Estimated reading time: 4 minutes
Genomics’ reliance on data storage might not seem particularly profound at first, but choices about storage solutions have serious impacts on research outcomes.
Storage often hinders genomics research by providing insufficient compute or I/O capacity. Those issues can then escalate to service outages, lengthy restoring times, spiralling costs, and — most importantly — disrupted discoveries.
In 2020, Panasas commissioned a Hyperion survey asking data managers about the Total Cost of Ownership (TCO) for their High Performance Computing (HPC) storage. Nearly 50% of organizations experienced some kind of storage failure at least once a month. Around 40% of those organizations would require more than two days to restore that system to full functionality after a failure.
Since genomics research produces vast amounts of data, the field is especially vulnerable to such storage disturbances. According to the National Human Genome Research Institute, a single human genome sequence can require up to 200 gigabytes of space. In a business context, this might not seem like a huge quantity; however, labs regularly produce many times that amount each week, and their storage requirements are only growing.

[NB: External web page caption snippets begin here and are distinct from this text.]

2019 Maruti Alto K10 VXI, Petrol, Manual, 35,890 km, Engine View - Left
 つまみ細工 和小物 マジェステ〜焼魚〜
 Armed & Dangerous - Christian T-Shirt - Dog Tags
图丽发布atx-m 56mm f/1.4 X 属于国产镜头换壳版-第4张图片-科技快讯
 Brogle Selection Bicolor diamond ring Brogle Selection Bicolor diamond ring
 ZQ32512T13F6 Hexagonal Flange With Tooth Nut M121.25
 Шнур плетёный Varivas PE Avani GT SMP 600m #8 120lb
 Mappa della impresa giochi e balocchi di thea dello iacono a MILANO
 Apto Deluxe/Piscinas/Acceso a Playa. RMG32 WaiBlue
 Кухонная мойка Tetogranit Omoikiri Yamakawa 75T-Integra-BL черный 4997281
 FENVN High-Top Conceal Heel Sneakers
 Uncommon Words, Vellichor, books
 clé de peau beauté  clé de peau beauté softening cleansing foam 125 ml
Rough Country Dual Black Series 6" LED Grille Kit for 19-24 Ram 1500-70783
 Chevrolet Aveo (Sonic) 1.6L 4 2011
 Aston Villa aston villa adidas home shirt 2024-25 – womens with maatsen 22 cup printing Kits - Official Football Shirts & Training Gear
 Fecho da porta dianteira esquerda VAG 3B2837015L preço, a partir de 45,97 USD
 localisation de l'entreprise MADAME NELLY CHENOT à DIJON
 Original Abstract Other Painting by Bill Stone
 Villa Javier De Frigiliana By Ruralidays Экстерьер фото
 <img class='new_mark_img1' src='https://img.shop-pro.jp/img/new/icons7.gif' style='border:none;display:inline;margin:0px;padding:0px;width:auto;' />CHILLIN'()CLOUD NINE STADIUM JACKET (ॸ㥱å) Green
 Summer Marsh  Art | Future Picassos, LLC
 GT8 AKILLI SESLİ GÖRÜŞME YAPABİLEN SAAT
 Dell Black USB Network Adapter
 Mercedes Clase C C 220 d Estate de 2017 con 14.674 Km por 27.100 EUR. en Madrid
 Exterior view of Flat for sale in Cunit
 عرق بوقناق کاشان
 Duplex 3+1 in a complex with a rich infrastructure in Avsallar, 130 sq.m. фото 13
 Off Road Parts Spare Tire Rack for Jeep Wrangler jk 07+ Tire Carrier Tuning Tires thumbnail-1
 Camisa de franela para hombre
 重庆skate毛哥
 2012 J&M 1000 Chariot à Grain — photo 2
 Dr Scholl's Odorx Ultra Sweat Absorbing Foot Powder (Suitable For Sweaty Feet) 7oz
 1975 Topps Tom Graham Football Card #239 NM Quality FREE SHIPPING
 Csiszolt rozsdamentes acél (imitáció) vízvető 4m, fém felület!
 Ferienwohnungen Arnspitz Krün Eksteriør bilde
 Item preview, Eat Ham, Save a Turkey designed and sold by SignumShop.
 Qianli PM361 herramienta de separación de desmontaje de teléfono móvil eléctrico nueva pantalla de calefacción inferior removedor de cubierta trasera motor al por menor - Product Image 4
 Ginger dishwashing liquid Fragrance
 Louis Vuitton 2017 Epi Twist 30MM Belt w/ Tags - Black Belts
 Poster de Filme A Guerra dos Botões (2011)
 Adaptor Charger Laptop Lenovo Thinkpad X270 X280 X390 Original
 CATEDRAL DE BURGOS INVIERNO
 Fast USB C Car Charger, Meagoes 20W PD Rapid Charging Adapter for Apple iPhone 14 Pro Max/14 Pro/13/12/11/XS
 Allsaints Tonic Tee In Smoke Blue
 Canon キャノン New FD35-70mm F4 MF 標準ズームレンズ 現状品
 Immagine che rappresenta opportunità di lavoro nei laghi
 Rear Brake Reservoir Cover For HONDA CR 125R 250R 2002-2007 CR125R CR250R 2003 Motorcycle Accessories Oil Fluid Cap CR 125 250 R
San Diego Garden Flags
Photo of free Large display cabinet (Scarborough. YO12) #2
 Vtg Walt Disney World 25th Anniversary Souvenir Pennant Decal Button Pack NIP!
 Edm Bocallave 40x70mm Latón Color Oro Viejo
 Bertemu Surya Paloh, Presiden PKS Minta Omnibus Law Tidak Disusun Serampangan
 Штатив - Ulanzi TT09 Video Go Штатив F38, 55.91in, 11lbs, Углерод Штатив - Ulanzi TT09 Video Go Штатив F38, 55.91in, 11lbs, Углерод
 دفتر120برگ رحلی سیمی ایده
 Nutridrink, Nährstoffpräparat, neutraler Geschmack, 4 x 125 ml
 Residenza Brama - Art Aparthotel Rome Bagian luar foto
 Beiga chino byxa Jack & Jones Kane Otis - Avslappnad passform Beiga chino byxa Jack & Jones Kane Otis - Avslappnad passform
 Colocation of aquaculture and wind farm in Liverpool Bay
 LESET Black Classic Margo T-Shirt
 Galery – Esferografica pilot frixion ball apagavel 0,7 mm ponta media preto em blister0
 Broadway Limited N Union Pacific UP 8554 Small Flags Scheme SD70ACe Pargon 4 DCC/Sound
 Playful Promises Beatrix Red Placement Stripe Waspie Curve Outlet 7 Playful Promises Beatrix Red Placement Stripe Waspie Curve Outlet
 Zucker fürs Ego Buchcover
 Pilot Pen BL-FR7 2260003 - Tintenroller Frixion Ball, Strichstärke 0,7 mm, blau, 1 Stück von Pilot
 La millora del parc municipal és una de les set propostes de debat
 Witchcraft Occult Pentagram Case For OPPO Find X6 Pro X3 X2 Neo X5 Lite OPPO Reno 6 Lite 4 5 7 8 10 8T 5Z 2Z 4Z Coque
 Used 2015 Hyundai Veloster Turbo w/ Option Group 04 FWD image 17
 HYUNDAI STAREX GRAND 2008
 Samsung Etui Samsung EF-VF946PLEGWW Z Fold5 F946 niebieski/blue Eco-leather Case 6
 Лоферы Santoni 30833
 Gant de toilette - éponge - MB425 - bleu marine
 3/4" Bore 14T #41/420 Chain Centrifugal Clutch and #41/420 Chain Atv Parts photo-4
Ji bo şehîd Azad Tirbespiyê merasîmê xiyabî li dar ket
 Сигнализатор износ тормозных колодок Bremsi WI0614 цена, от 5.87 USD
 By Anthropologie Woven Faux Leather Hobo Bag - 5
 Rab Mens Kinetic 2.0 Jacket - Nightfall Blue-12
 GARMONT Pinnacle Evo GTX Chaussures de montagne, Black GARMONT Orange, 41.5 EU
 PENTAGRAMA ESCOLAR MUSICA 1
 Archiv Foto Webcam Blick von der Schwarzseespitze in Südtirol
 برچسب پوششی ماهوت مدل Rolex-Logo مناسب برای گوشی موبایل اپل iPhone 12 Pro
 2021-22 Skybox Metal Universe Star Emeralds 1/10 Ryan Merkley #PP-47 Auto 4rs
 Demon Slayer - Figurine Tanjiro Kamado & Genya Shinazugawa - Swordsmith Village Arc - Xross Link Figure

The Center for Microbiome Innovation (CMI) at the University of California San Diego offers an example of storage’s significant effects on genomics. CMI is currently exploring the microbiomes that are increasingly critical to advancements in medicine. When their storage needs exceeded their systems’ capacities, though, the resultant issues threatened their research efforts.
CMI’s 300 users had been gathering massive amounts of data and trying to store them on individually allotted clusters of traditional storage. Their increasingly demanding methods, such as DNA sequence processing or multi-terabyte data set analysis, taxed their storage systems. The strain degraded their performance and ultimately compromised researchers’ discovery efforts. When CMI started carrying out large scale metagenomics sequencing, things really started to break down.
It was only when Panasas outfitted them with an ActiveStor solution that CMI could advance their research efforts again. Yoshiki Vázquez-Baeza, Associate Director of Bioinformatics Integration, said that if they’d had to limit their methods because of storage concerns, “we wouldn’t be able to explore the full breadth of scientific options. Panasas technology supports the mission of the Center because it never limits our exploration.”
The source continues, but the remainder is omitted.